Sukiyaki Western Django Movie Review–Baffling Fun In A Bowl
It was genuinely hard for me to believe, when I first heard about Sukiyaki Western Django, that I was actually looking forward to a movie involving Quentin Tarantino. I had been burned by this man and his sludgy, angsty, stuck-in-the-seventies style before, and to think that I might be so burned again was too much to bear.
But then I found out the truth–Quentin Tarantino had about as much to do with it as I did. He only appears for a few minutes, as an expository character who really doesn’t do much of anything besides sit, swagger, and fill in some backstory. And then I found out Takashi Miike was handling the direction on this one and my jaw just dropped. See, Takashi Miike has given me a LOT of interesting things to talk about. That crazy son of a bitch has been responsible for some of the most lunatic things I’ve ever seen–for instance, he gave me Audition. The last half-hour of Audition puts anything it compares to into shock BEFORE beating it up and taking its lunch money. He’s put out Imprint, the one Masters of Horror segment that even SHOWTIME wouldn’t show on television. When Showtime looks at something and says, hey, whoa–that’s too much even for US…you know you’ve got a real pack of explosive something-or-other on your hands.
And Sukiyaki Western Django will not disappoint.
One part parody, one part homage–can we call it a farcical homage?–Sukiyaki Western Django takes us to a little Japanese village named Nevata unless I misread the signs. Nevata is sitting on a treasure worth a whole lot of money, and two rival gangs, the Heiki and the Genji, are both vying for the loot. The town, what’s left of it, thinks it has a savior in a random stranger that’s come for his cut, but both the Heiki and the Genji want this mysterious lone gunman working for them. Meanwhile, the rest of the town is grappling with secrets of its own, and as everything boils to an explosive finish in the one single pot, we see how sukiyaki can give the Western a whole new life, and give birth to a Django.
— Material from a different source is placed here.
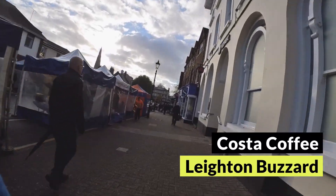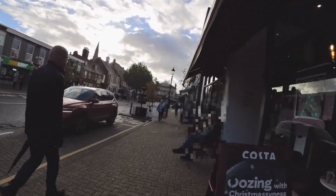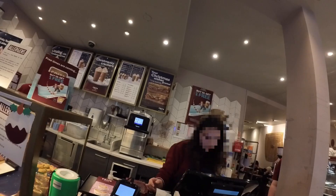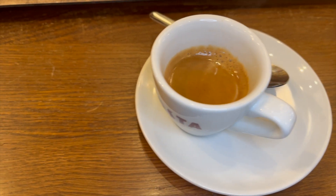Today we're going to be reviewing Costa Coffee in Leighton Buzzard. Leighton Buzzard is a medium sized market town and it has two Costas. We're going to be visiting the one in the high street. We went for a double espresso, a tap water and a cornflake cake.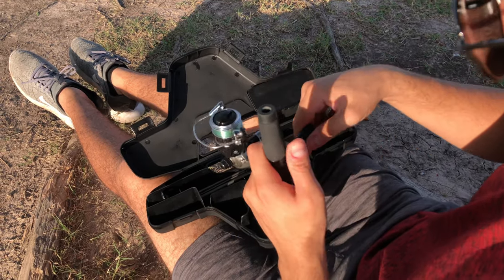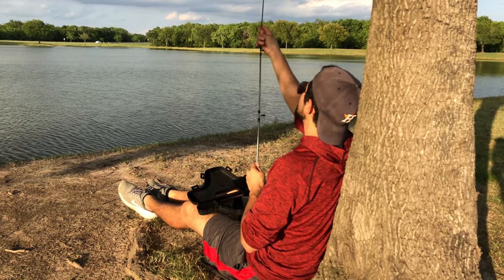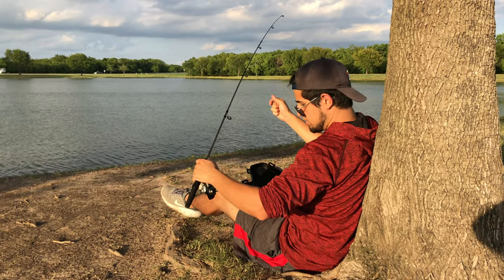This five-speed fishing combo has smooth ball-bearing drive, high-speed retreating, gyro-spin, twist-buster to reduce line twist, and a lot of space for your lures.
Yeah, I know, it’s actually pretty weird when you think about it, but then so is a lot of Japanese cinema. If you don’t believe me, sometime, go out and grab a copy of Crazy Lips, or get it from Netflix. THEN you’ll believe me. But I’m digressing.
What Miike has made here is standard for Miike in that what he’s produced is absolutely mind-blowing. I often find myself wondering, whenever I find something else from him, if this guy is actually capable of making, say, Beethoven. Or maybe Ghost Rider. You know, a harmless piece of fluff that’s just kind of entertaining but scarcely worth a second look? That’s not Miike. In fact, that’s not Miike’s entire career from what I’ve been able to tell so far. What his entire career seems to be–what Sukiyaki Western Django is–is a nonstop flood of mindblowing material that’s packed with plenty of things that don’t make any sense at all but look damn cool doing it.
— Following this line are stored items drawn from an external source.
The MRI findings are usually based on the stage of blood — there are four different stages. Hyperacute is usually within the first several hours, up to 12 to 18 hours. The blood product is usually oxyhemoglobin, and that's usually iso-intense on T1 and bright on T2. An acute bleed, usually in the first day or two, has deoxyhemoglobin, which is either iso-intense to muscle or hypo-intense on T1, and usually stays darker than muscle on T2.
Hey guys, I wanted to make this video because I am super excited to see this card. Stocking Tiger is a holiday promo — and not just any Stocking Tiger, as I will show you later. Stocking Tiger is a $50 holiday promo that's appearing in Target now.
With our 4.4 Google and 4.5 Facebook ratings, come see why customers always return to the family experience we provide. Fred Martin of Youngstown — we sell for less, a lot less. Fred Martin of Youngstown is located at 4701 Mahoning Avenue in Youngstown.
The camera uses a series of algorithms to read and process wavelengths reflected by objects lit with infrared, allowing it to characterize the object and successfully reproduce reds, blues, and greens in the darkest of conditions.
What can you say about a movie that, while you’re watching it, you can look at several points and say, verbatim, “I don’t understand a BIT of what just happened there, but all I know is, that was AWESOME.”? But I’ll say this much for it–as a Western, it’s a clear winner. It combines several great classic elements such as surprise bulletproof vest, fun with Gatlings, unlikely bullet interceptions, and presents them in this whole new pot that we’ve never seen before. Where before, some of the great Westerns were spaghetti Westerns, imported from Italy, we now have a Japanese western…indeed, a SUKIYAKI Western. Maybe it’d be more approrpriate if it were the SOBA Western, or maybe even the Ramen Western to identify with the college kids and those who were not so long ago, Sukiyaki Western it seems to be, and Sukiyaki Western does just fine.




Now that is my list! thanks for the review!